Short descriptive text snippets:

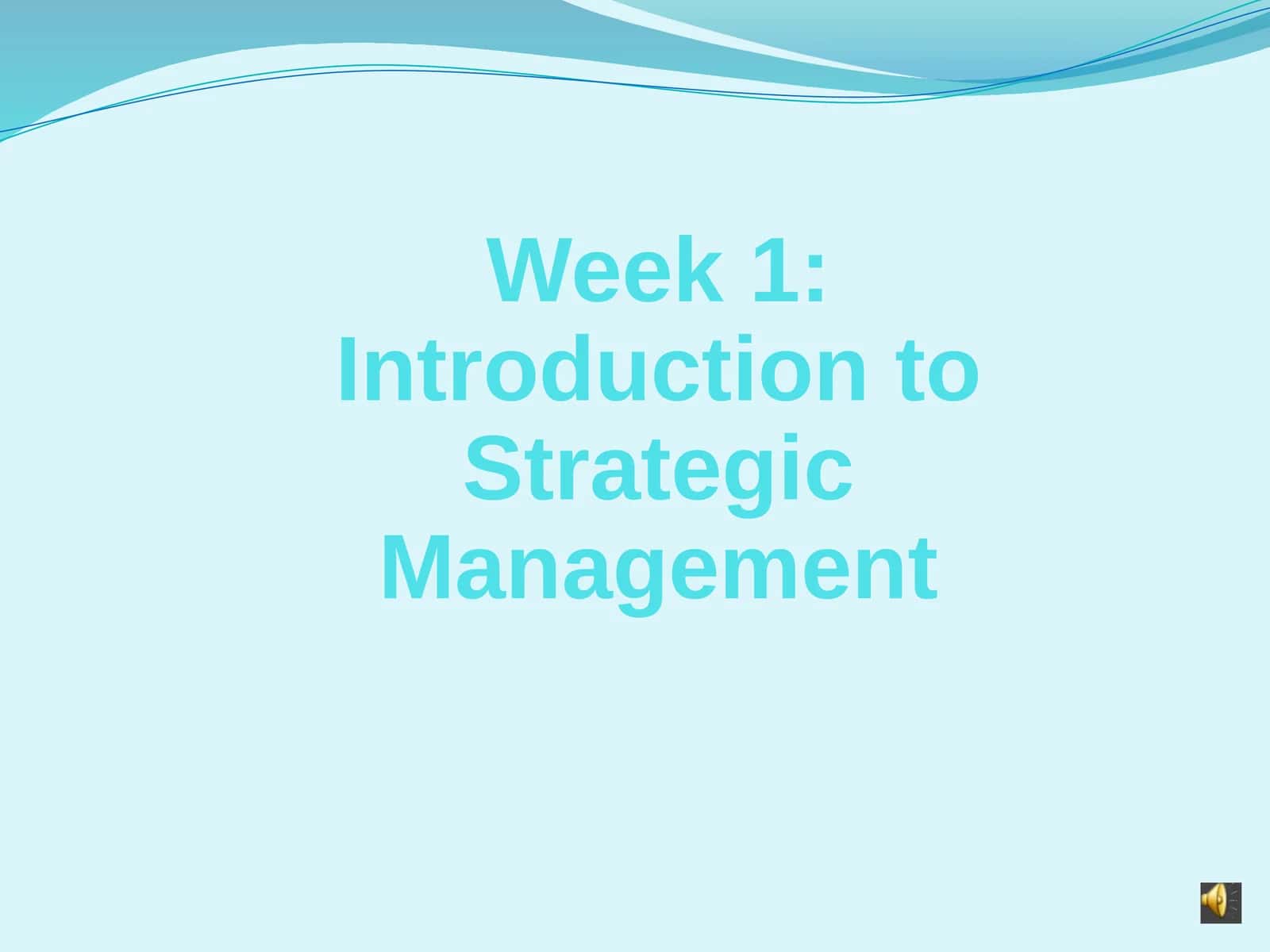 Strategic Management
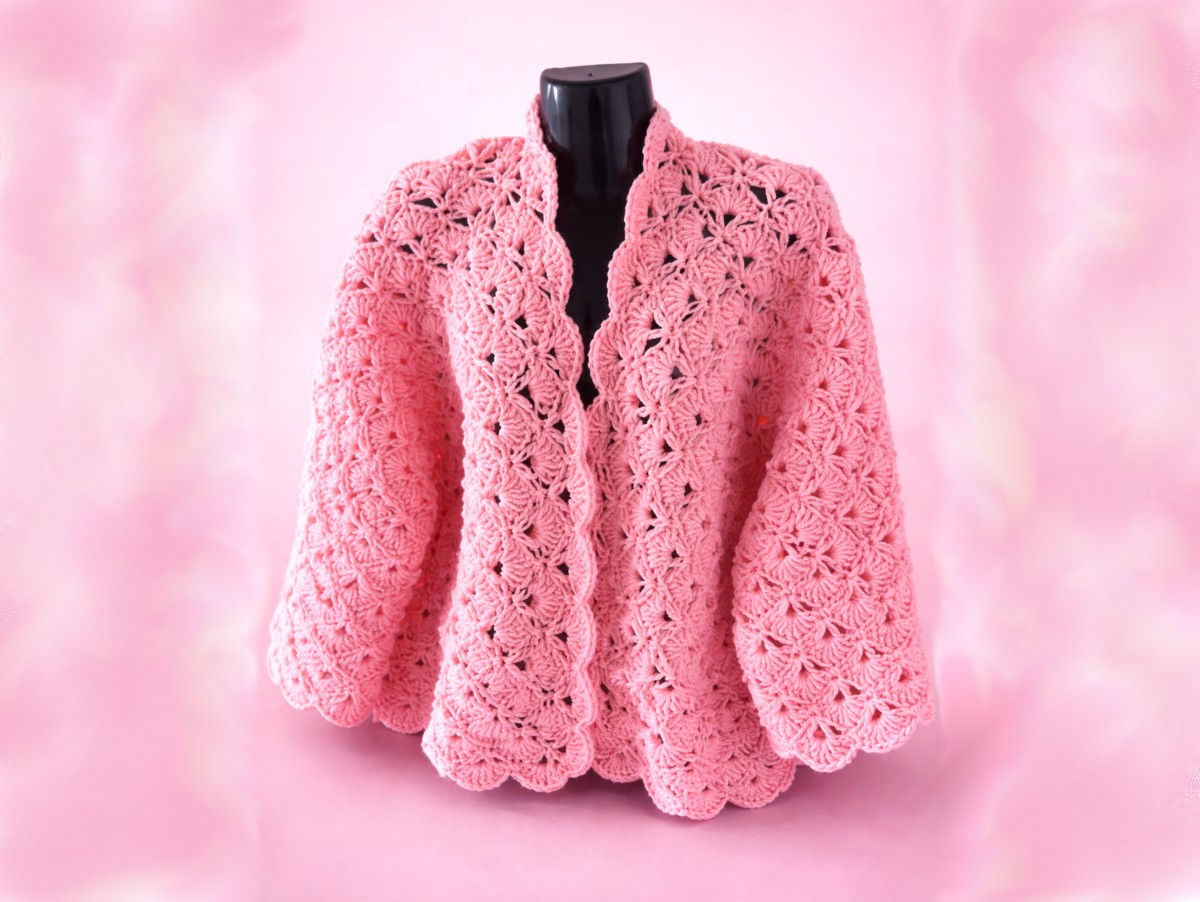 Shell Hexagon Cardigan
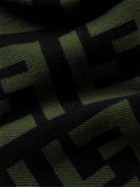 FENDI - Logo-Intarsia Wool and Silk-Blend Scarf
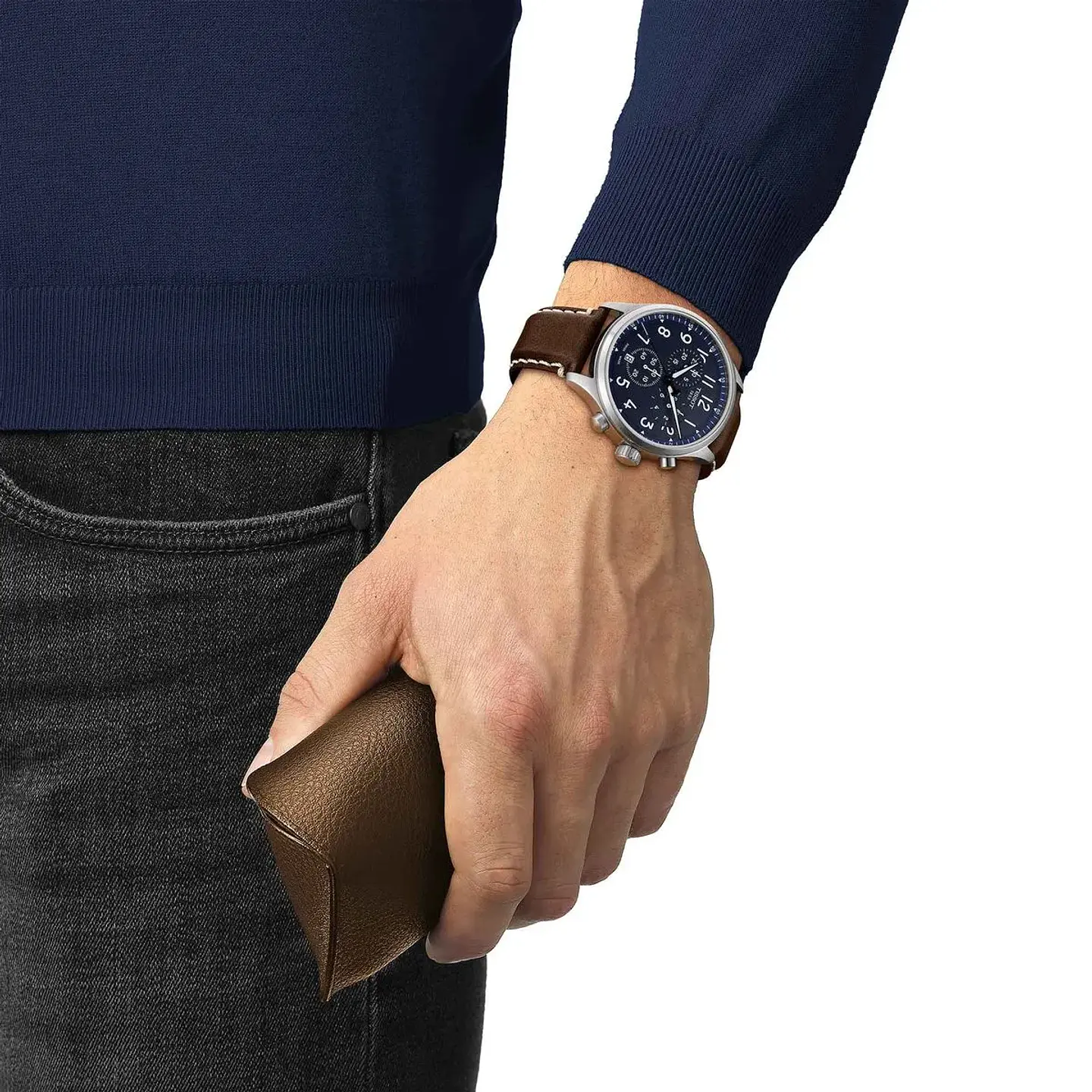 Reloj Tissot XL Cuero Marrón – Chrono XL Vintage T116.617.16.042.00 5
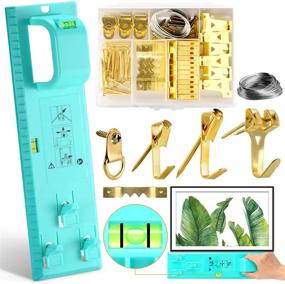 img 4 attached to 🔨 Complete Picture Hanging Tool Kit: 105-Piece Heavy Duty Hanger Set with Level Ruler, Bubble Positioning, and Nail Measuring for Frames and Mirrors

### Try it
When you reach the line that contains "Shell Hexagon Cardigan", start reproducing, and continue word for word to the end of the records; skip all pictures.

### Task solution
 Shell Hexagon Cardigan
 FENDI - Logo-Intarsia Wool and Silk-Blend Scarf
 Reloj Tissot XL Cuero Marrón – Chrono XL Vintage T116.617.16.042.00 5
 img 4 attached to 🔨 Complete Picture Hanging Tool Kit: 105-Piece Heavy Duty Hanger Set with Level Ruler, Bubble Positioning, and Nail Measuring for Frames and Mirrors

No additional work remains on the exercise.